Biz inşaallah niyetlerimizle dirileceğiz.

Dünya; hak ile bâtılın, mü’min ile kafirin savaş alanıdır. Bu savaşta akıbet, Allah’tan yana olanlarındır. Bu bir hakikattir.

Ben Allah’ın kuluyum, ben varken Allah’ın dinine dokunulamaz!” demek görevimizdir!

Sırtını Allah’a yaslayandan başka herkes kendi kuyusunu kazıyor.

Müslüman şahsiyetin kabul ve retlerini belirleyen tek kriter tevhid akidesidir.”

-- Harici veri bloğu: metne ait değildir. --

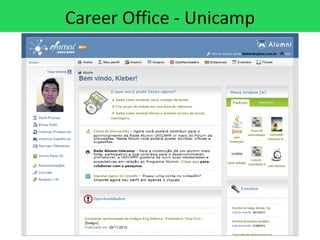 Career Office - Unicamp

Şu halde, her insanın bir kişiliği vardır. Kişilik, insanın gerçek kimliğidir. Kişiliğimiz bizi başkalarından ayırır. İnsanın ırkı, vatanı, gelir düzeyi, sosyal çevresi, kabile ya da kavmi, ideolojik yapısı ve cinsiyetinden ziyade, oluşumunda bu faktörlerin kesin belirleyici olduğu kişiliği önemlidir.

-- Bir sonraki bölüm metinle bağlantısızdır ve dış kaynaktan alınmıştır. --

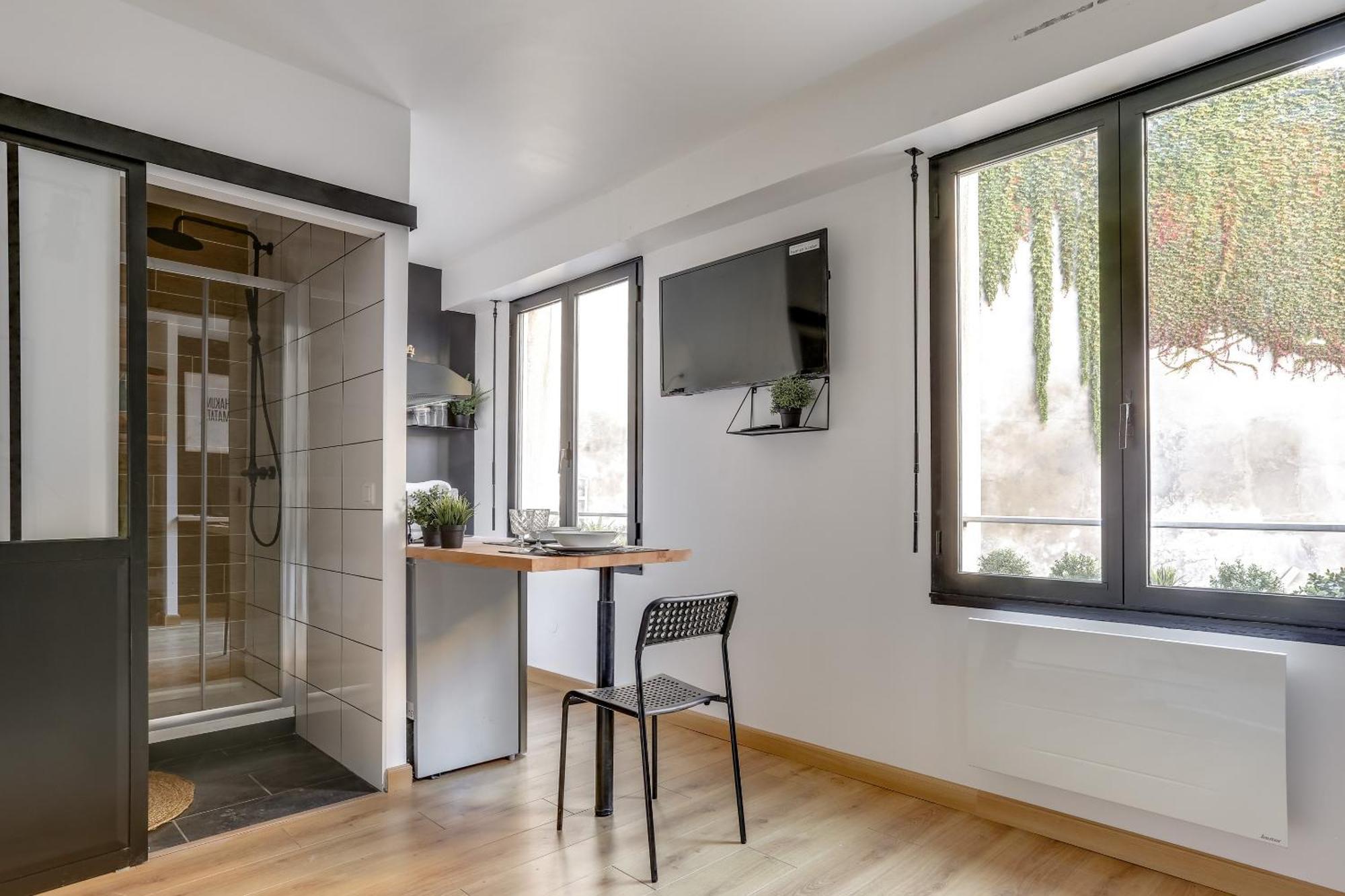 Suites Independantes Toutes Equipees Leopold Ou Carnot 南锡 外观 照片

‘Şahsiyet sahibi’ olmak diyerek devam edelim, Müslüman şahsiyeti (benliği) dediğimizde ne anlamalıyız? Bu anlamda şahsiyetlilik neleri canlandırmalı zihnimizde?

Dikkat edilirse, insanoğlunun dünyaya henüz gözlerini açmış evresine, yani bebeklik dönemine şahıs ve şahsiyet denmez. Çocukluk dönemi de böyledir. ‘Kişi’ ile, rüştüne ermiş, artık belirli bir ‘varlık’ ortaya koyabilen, kendi ayakları üzerinde duran, müstakil bir şahsiyeti olan insan kastedilir.

Kur’an’ın, “İnsanın üzerinden, henüz kendisinin anılan bir şey olmadığı uzun bir süre geçmedi mi?” (İnsan süresi ayet 1) hatırlatması, bu sürece dair bir telmih içermektedir. İnsanın “anılmaya değer bir şey olması”nı, şahsiyet kesb etmesi olarak okuyabiliriz.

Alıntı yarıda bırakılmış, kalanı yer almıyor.